“This is a book about abstractions (rules) and following them and breaking them and writing about them and visualizing them and grinding them to dust. It is about consequences and the lack of them and who exactly is privy to them.” The third issue of ON Journal takes the “rule” as its critical through-line, offering an interdisciplinary array of works by contemporary artists and writers.
Join ON Journal, Shelf Shelf, and LVL3 Gallery in launching the third issue of ON! All readers are featured in ON / Rules. Readers include:
Drinks from Marz Community Brewing Co. will be available for purchase, with all funds benefiting the Chicago Community Bond Fund (CCBF). A portion of all book sales at the event will also benefit the CCBF. In dedicating an issue to the broad concept of ‘rules,’ we recognize that rules are often enforced unfairly and disproportionately. CCBF actively works to aid those incarcerated and affected by money bail in Chicago.
About ON Journal:
ON Journal is an interdisciplinary publishing project based out of Chicago, IL. Each issue of the journal is produced as both a printed art book and a reading event. In this way, ON hopes to anthologize experimental arts and writing practices in multiple formats.
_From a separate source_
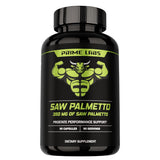Labs Saw Palmetto Capsules front view with packaging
ON Journal is collaboratively produced by Gabrielle Welsh and Shelf Shelf.
About Shelf Shelf:
Shelf Shelf is a Chicago-based publishing imprint and collaborative design practice founded by Lucas Reif and Austin White.
About Chicago Community Bond Fund:
The Chicago Community Bond Fund (CCBF) pays bond for people charged with crimes in Cook County, Illinois. Through a revolving fund, CCBF supports individuals whose communities cannot afford to pay the bonds themselves and who have been impacted by structural violence. Inability to pay bond results in higher rates of conviction, longer sentences, loss of housing and jobs, separation of families, and lost custody of children. By paying bond, CCBF restores the presumption of innocence before trial and enables recipients to remain free while fighting their cases.